The disclosure includes, for each beneficial owner:
- Full legal name
- Date of birth
- Current home or business street address
- A unique identifying number from an acceptable identification document (for example, a U.S. driver's license, U.S. passport, or non-expired foreign passport)
The filing must be signed under penalty of perjury. That language matters. It means the penalty for knowingly false filings is criminal, not just regulatory.
2. Who must file (and who got quietly excused in December)
Here is where the story turned. The Act as originally signed in December 2023 applied broadly to every LLC formed under New York law and every foreign LLC (meaning formed in another U.S. state or outside the United States) authorized to do business in New York. On December 19, 2025, Governor Hochul vetoed Senate Bill S8432, which would have reinstated the original broader scope after the March 2024 chapter amendment had already narrowed it. Her veto, combined with the March 2024 amendment, left the Act in its current posture (see Seyfarth Shaw's January 2026 summary and the Morgan Lewis analysis).
As the statute reads today, the reporting obligation applies to:
- Non-U.S. LLCs (LLCs organized under the laws of a country other than the United States) that are authorized to do business in New York.
And it does not apply to:
- LLCs formed under New York law.
- LLCs formed in another U.S. state or U.S. territory (for example, a Wyoming LLC, a Delaware LLC, a New Mexico LLC) and authorized to do business in New York.
The Governor's stated reason for the veto was that the NYLTA was intended to mirror federal Corporate Transparency Act reporting requirements, not to impose additional compliance burdens on New York businesses. The federal CTA, after FinCEN's March 26, 2025 interim final rule (90 Fed. Reg. 13688), now reaches only foreign reporting companies. Because the NYLTA cross-references federal CTA definitions, preserving that cross-reference means the state statute tracks the same narrower scope automatically.
3. The 23 exemption categories (and the attestation catch)
A non-U.S. LLC that is covered by the Act may still be exempt from filing beneficial ownership information if it qualifies under one of 23 exemption categories. The NYLTA expressly incorporates the exemption list from the federal Corporate Transparency Act at 31 U.S.C. section 5336(a)(11)(B). Commonly relevant categories include:
- Large operating company (more than 20 full-time U.S. employees, more than $5 million in gross receipts or sales reported on a federal return, and an operating presence at a physical office within the United States)
- Bank, credit union, depository institution holding company
- Registered securities broker or dealer
- Investment company or investment adviser registered with the SEC
- Insurance company
- Registered public accounting firm
- Tax-exempt entity described in section 501(c)
- Inactive entity (formed before January 1, 2020, not engaged in active business, no ownership change in the preceding 12 months)

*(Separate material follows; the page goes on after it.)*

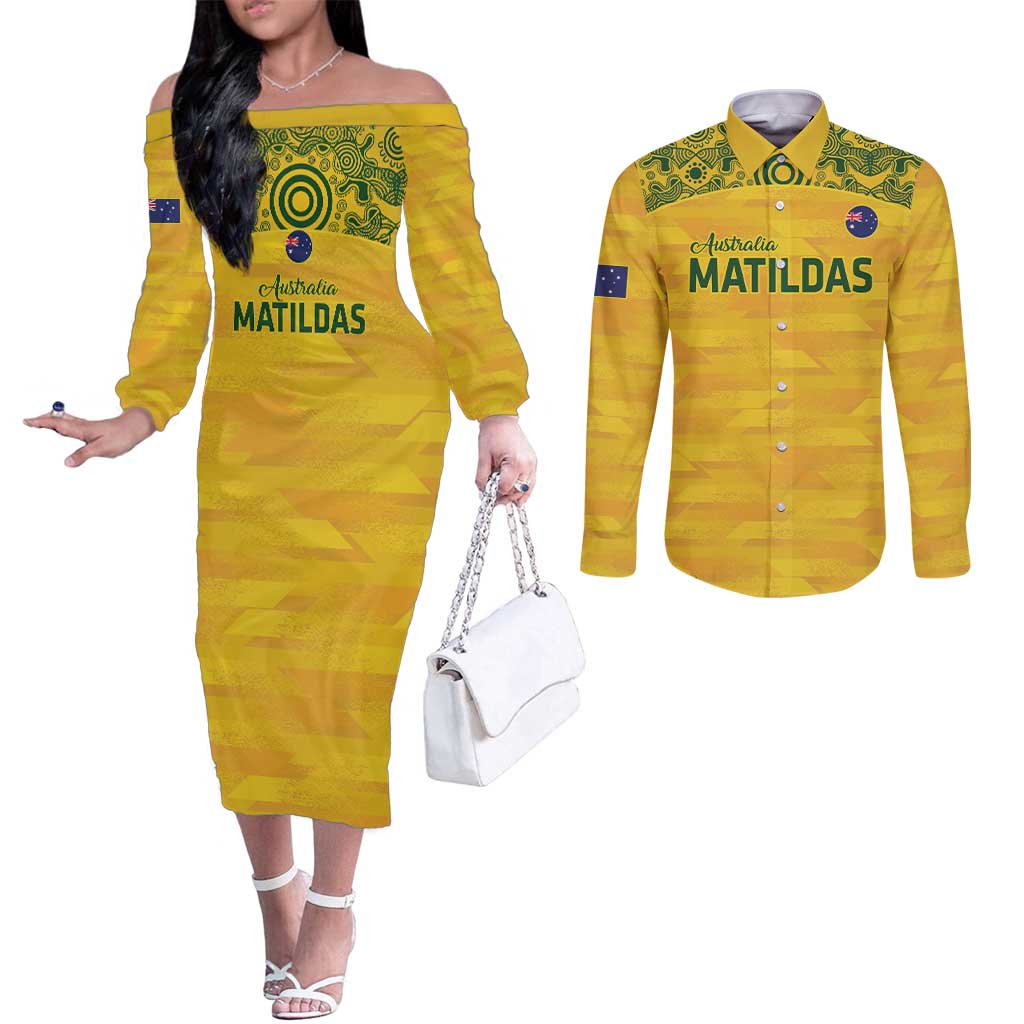 Custom Australia Matildas Couples Matching Off The Shoulder Long Sleeve Dress and Long Sleeve Button Shirt National Color Indigenous Art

- Subsidiary of certain exempt entities
The NYLTA diverges from the federal CTA on one meaningful point: an exempt LLC must affirmatively file an attestation of exemption with the NYDOS, signed under penalty of perjury, identifying the specific exemption claimed and the facts on which the exemption is based. Under the federal CTA, an exempt entity files nothing. Under the NYLTA, exempt entities file to claim exemption. That attestation must be updated annually.
If an entity qualifies for more than one exemption, it identifies the category it wants to rely on. A "we're exempt, we'll sort it out if asked" posture does not satisfy the statute.
4. What information gets reported, and where it lives
The beneficial ownership data filed under the NYLTA is held by the New York Department of State in a non-public database. It is accessible to federal, state, and local law enforcement, to other specified government agencies in defined circumstances, and in response to a court order. It is not part of the publicly searchable corporation and business entity database on the NYDOS website (see the NYDOS Division of Corporations portal).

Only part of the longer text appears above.